Ernest Oppenheimer Park, Johannesburg, South Africa, 2009 / 2012
Part of the Louisiana Museum of Modern Art’s current show Africa: Architecture, Culture and Identity, Dutch photographer Lard Buurman’s images, gleaned from extended visits to 12 African cities, convey a sense of an urbanising continent at odds with western assumptions. ‘People don’t think of Africa as having a modern, urban culture, only a rural one. Anthropologist Filip De Boeck called them “invisible cities”,’ he says. Buurman’s book Africa Junctions aimed to dispel the myths, portraying the continent’s cities as expanding so fast that maps and statistics are irrelevant when – or if – they are published.

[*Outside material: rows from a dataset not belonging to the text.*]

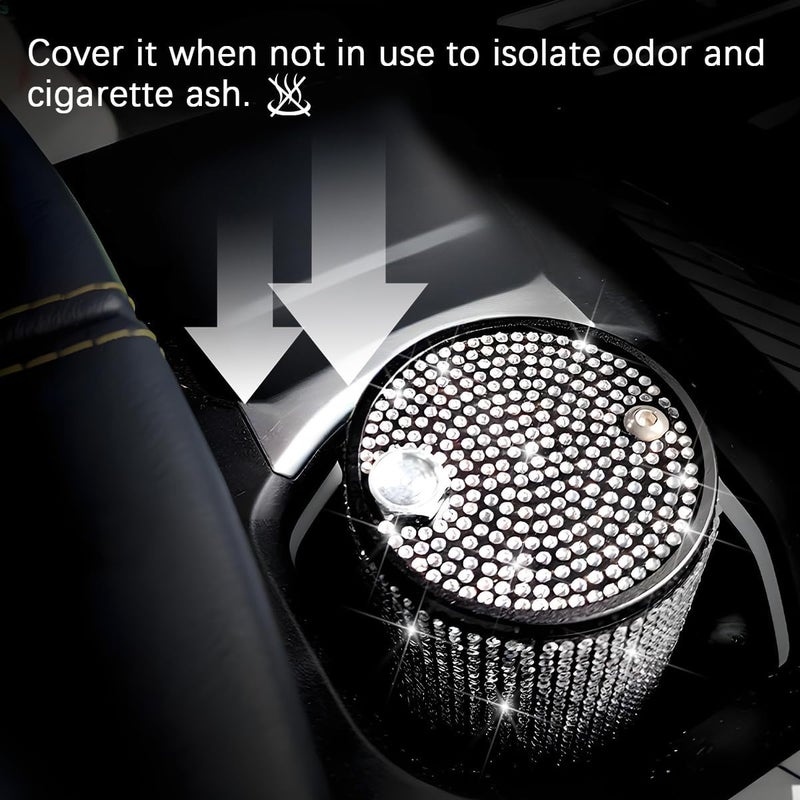 Sandfren Bling Car Ashtray, Crystal Rhinestone Smokeless Vehicle Cup Holder Cigarette Ashtray with Lid, Portable Auto Interior Accessories for Women Girls, Universal for Truck SUV Sedan (Black) - Image 5
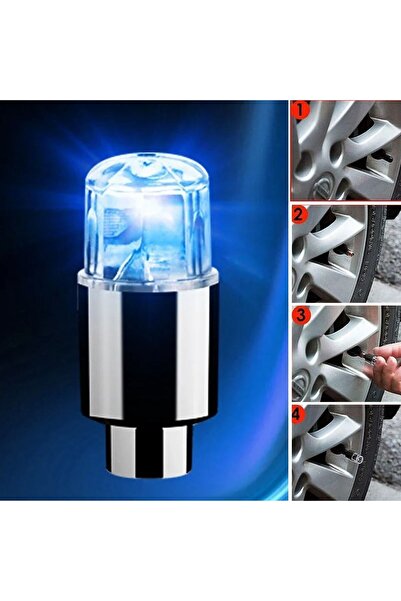 RiverWorld River World Geceleri Parıldayan Bisiklet ve Arabalar İçin Mavi Renkte 2'li Lastik Sibop Kapağı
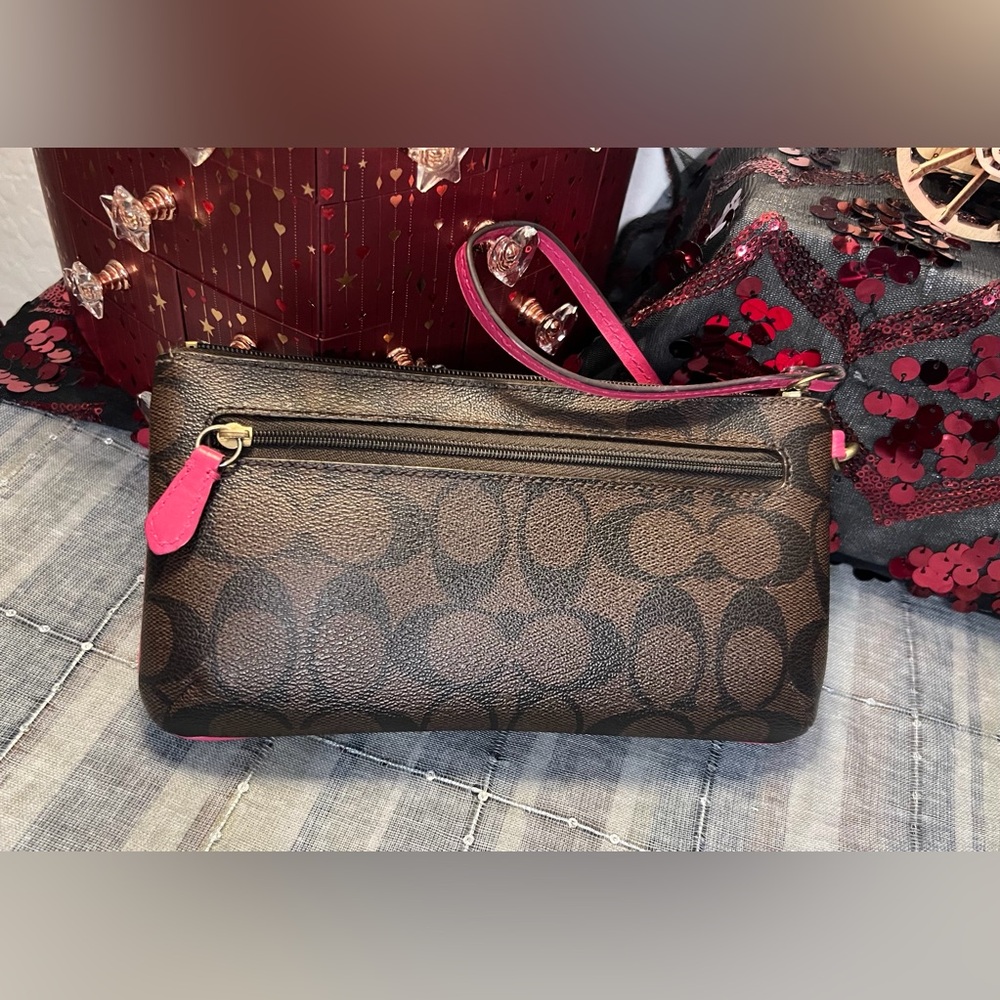 Coach Dark Brown Safiano Signature C Wristlet with Pink Trim - Picture 11 of 13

Buurman’s always been fascinated by public space, about how cities offer both anonymity and a chance for the individual to develop as part of a shared socio-cultural experience. He’s worked in Asia, but thinks high rises are not the real story of global cities: it’s what’s happening at their feet in the squares and streets that, in his images, inevitably teem with people – the buildings a backdrop to the sheer humanity. This shot is of a public square in Johannesburg city centre. In light of the current EU migrant issue, Buurman wished to convey that transience is not an isolated case but the norm.
‘They’re nearly all Zimbabwean refugees having to quit a church in the daytime before they can return to it again to sleep,’ he explains. ‘They’re evading the police but seem drawn to this park’s hillocks – maybe they’re more comfortable to lie on.’ His aim is to show migration not as a problem but a simple fact. ‘It looks like a lot people at leisure but look closer – it is not always what it seems.’